The video “Hijabi” by Mona Haydar has only just been posted, and is already sparking a lot of conversations as a result of the uncommon portrayals of Muslim women dancing to rap music. A story about the videotape, including an interview with Haydar, is available on Huffington Post. Previously, she and her husband put up a sign saying “Ask a Muslim” and answered questions from strangers in Cambridge, MA, as a way of diffusing tensions. Read a story about this on Fusion. Apparently they were influenced by a This American Life episode, “Talk to an Iraqi” in which Haider Newmani set up a booth in cities across the US encouraging strangers to come up and ask him questions.

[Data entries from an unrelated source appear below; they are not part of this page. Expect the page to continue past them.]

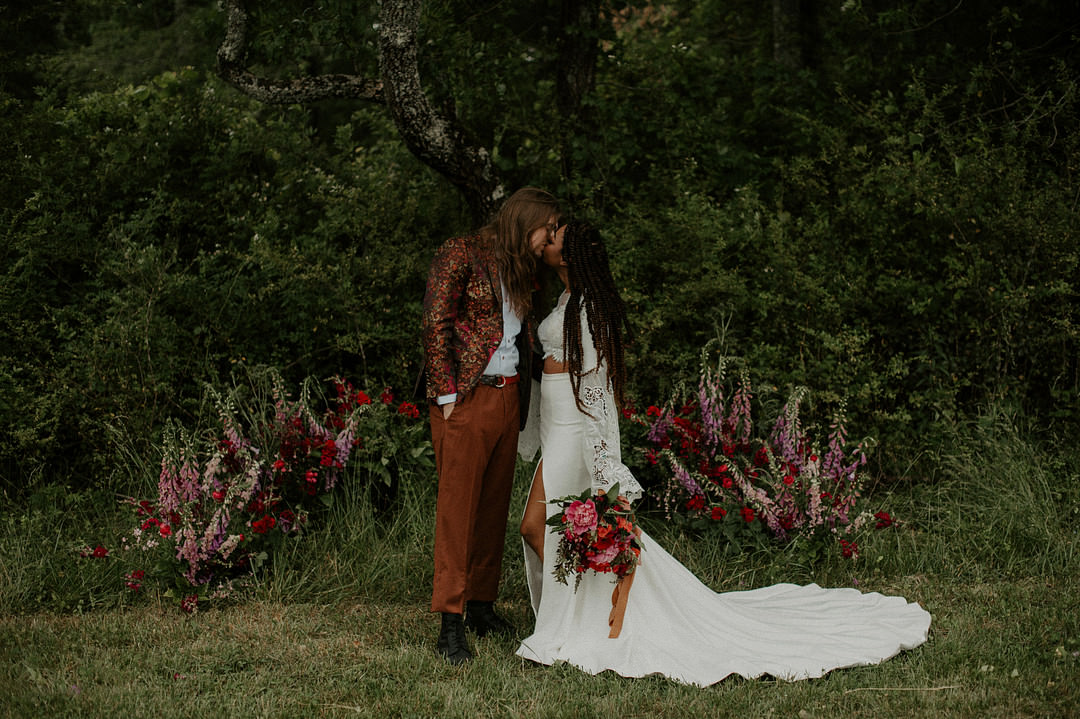 Colourful Farm Wedding McKenna Rhyne Photography Meadow Flowers Backdrop Installation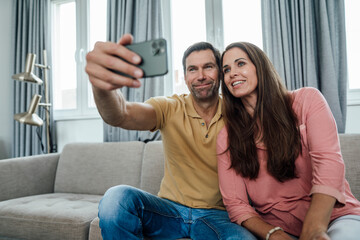 Smiling mature couple taking selfie in apartment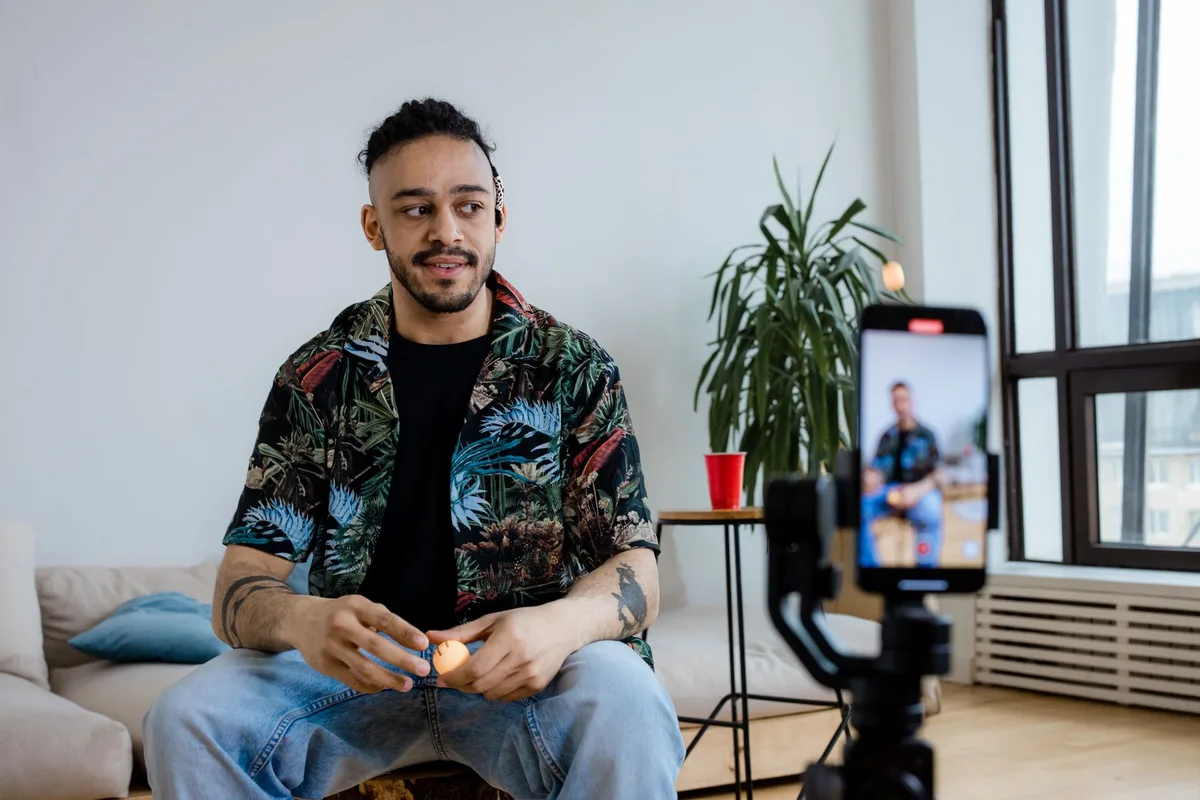 Creator setting up a smartphone on a tripod to record a TikTok video in a well-lit room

There have been many other examples as well, such as Firas Alshater, who stood blindfolded in the center of Berlin with a sign saying “I am a Syrian refugee. I trust you. Do you trust me? Hug me.” He went on to post a series of videos about under the title Zucker (sugar), describing Germany from the point of view of a refugee, with lots of humor.
Recently the Tate Modern in London organized an exhibit entitled Who are We? in order to encourage conversations about the “multiple crises of identity and belonging in Europe and the UK”.
All of these efforts to start intercultural dialogues serve as important beginnings in different contexts. What other projects do you know about? What have you done yourself?